Chiesa di Rieti

Lavanda dei piedi: provocazione e indicazione

Nell'omelia del Giovedì Santo, il vescovo Domenico invita a cogliere l'assenza di ritualità e il richiamo alla vita concreta che questa emergenza ci spinge a fare

Giovedì Santo: dal brano evangelico della lavanda dei piedi una provocazione e un’indicazione.

Le ha volute proporre il vescovo Domenico nel celebrare in Duomo a porte chiuse, e parlando ai fedeli attraverso la diretta streaming, la Messa in Cœna Domini. Un rito “ridotto”, come tutti quelli di questo “tempo sospeso”, in cui monsignor Pompili ha voluto cogliere un preciso messaggio, partendo dal testo dell’evangelista Giovanni, il quale, in una scansione cronologica diversa dai sinottici, colloca temporalmente la morte di Cristo in croce nell’ora stessa in cui nel tempio si immolavano gli agnelli, e perciò «non descrive l’Ultima cena di Gesù come una cena pasquale: ma proprio per questo Gesù è presentato come il vero agnello pasquale».

E dunque «non c’è più il simbolo, non c’è più il rito, ma c’è la persona stessa di Gesù».

Ed ecco il messaggio: «Questa assenza di ritualità per concentrarsi sull’esistenza di Cristo» può essere letta, in questo momento di impossibilità di vivere liturgie comunitarie, come «una provocazione e al tempo stesso un’indicazione per il nostro diventare cristiani».

La provocazione: «Il fatto che Gesù non chiama ad una nuova religione, ma chiama alla vita. Il cristiano non è un uomo religioso, ma un uomo semplicemente, come Gesù era uomo» e allora ciò che rende cristiani non è «qualche atto religioso» ma solo «la partecipazione alla sofferenza di Dio nel mondo».

L’emergenza di questo virus ci sta insegnando «a valutare gli uomini per quello che soffrono»: stare nell’amore di Dio significa saper «accorgersi della sofferenza dell’altro». A questo provoca la pagina giovannea: «Stiamo diventando capaci di ascoltare il grido dei sofferenti, il gemito dei moribondi, l’implorazione dei nullatenenti?».

L’indicazione: cogliere nella lavanda dei piedi non semplicemente «un esempio morale» da ammirare, quanto piuttosto «un esempio performante che spinge a procedere sulla strada della imitazione», secondo l’ammonimento del Maestro: Perché anche voi facciate come io ho fatto a voi. È quella capacità di «chinarsi verso il basso» che permette di «ritrovare la strada della vita».
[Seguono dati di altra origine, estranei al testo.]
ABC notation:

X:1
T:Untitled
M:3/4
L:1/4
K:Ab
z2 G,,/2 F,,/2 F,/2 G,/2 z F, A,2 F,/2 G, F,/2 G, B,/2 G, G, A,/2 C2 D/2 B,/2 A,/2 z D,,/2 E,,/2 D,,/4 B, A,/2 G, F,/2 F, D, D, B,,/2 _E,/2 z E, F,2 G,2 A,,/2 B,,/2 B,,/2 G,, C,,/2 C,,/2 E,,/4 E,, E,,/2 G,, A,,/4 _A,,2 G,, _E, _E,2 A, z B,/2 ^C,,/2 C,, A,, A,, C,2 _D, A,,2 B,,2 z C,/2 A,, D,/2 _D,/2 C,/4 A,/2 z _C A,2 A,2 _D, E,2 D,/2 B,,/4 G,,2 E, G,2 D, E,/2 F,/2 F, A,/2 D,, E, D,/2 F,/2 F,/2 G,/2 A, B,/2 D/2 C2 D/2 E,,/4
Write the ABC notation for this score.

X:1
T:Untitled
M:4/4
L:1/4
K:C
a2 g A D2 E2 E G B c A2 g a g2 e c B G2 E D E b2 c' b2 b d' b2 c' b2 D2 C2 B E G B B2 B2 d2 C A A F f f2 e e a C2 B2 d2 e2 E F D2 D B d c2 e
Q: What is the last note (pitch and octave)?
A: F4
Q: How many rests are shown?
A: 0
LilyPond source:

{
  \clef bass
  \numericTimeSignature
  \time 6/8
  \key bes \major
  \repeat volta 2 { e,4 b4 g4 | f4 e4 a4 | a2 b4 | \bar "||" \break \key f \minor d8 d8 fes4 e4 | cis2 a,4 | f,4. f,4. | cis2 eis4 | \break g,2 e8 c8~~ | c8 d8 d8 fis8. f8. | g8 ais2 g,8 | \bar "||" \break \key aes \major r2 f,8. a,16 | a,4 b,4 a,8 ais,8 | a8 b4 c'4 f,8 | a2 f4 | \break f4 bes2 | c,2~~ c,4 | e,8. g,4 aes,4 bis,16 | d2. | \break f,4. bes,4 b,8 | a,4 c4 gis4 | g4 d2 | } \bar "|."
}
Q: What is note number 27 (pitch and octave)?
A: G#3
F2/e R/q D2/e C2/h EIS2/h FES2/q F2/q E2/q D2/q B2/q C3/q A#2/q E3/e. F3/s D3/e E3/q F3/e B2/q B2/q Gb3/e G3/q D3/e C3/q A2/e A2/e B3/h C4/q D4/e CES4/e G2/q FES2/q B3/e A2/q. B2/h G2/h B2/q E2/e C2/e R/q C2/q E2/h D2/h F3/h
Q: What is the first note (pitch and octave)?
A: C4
Solo così, ha concluso monsignore, potremo imparare qualcosa da questa crisi. Pensando a quando finirà, in tanti «dicono come un ritornello che nulla sarà come prima e che tutto cambierà. Ma se non avremo imparato da questa tragica vicenda a lavarci i piedi gli uni gli altri, a chinarci verso terra, molto probabilmente non cambierà nulla e dovremo prepararci con la crisi alla solita cocente delusione».

Proprio per questo «è così importante cogliere nell’ultima cena di Gesù una provocazione e un’indicazione per la nostra vita».